Delta Air Lines stock was at its lowest level in 43 years as trading opened Tuesday, but the chief of its pilots' union said he hadn't yet been approached about new give-backs that might help stave off a bankruptcy filing. Delta shares traded as low as $1.30 on the New York Stock Exchange Monday before closing at $1.41. The carrier has warned that it may not be able to avoid Chapter 11 bankruptcy proceedings, and it is in something of a race against time. A new federal law that takes effect Oct. 17 makes it more difficult than before for a company to cancel debt under Chapter 11.
Its financial health stable again, the largest bank in Japan announced that by month's end it will begin repaying $6.3 billion in bailout funds received from taxpayers in the late 1990s. Mizuho Financial Group said its buy-back of preferred shares from the Deposit Insurance Corp. would give the government a 12 percent profit on that aid. Mizuho will still owe the state $7.75 billion but said the remaining repayment should be completed by March 2007.
General Electric and Rolls-Royce won a $2.4 billion contract to develop and test engines jointly for the Pentagon's F-35 Joint Strike Fighter jet. The deal comes on top of a similar contract awarded in 2001 to United Technologies' Pratt & Whitney division. The plane, which will be used by US forces as well as by allied powers, is projected for its first test flight in 2010. Plans call for each user to be given a choice of engines when ordering the planes.

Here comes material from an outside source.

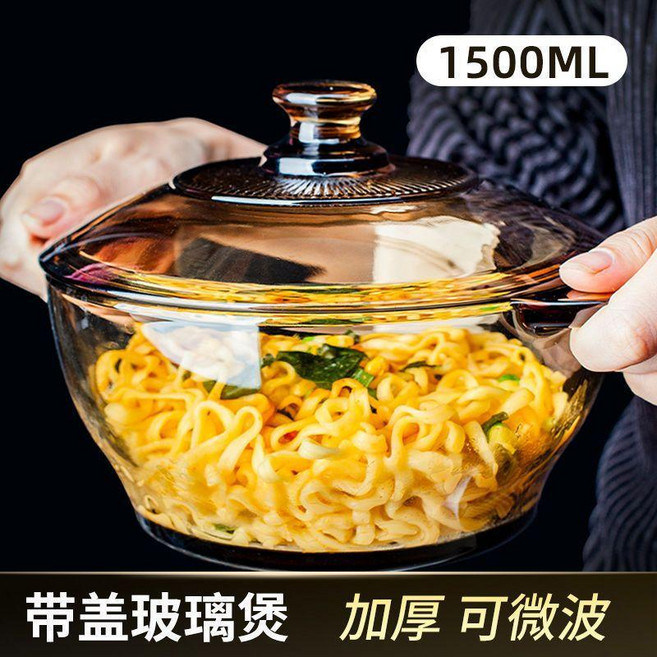 ins風茶色玻璃雙耳帶蓋泡麪碗耐高溫家用大號湯碗微波爐專用, 茶色9英寸 帶蓋 泡麪碗X2, 1個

Maytag Corp. made it official, signing an agreement with rival Whirlpool to be acquired for $1.7 billion. Their merger - assuming it is OK'd by shareholders and anti-trust regulators - would give the combined company 48 percent of the nation's major-appliance market and 70 percent of washer-dryer sales. Maytag said it has paid its other suitor, the private equity firm Ripplewood Holdings, a $40 million fee for breaking their merger agreement.
Volvo Car Corp. announced plans to lay off as many as 1,500 employees "to meet our budget goals and increase profitability." The automaker, a subsidiary of Ford, said it expects the job cuts to be confined to its operations in Sweden.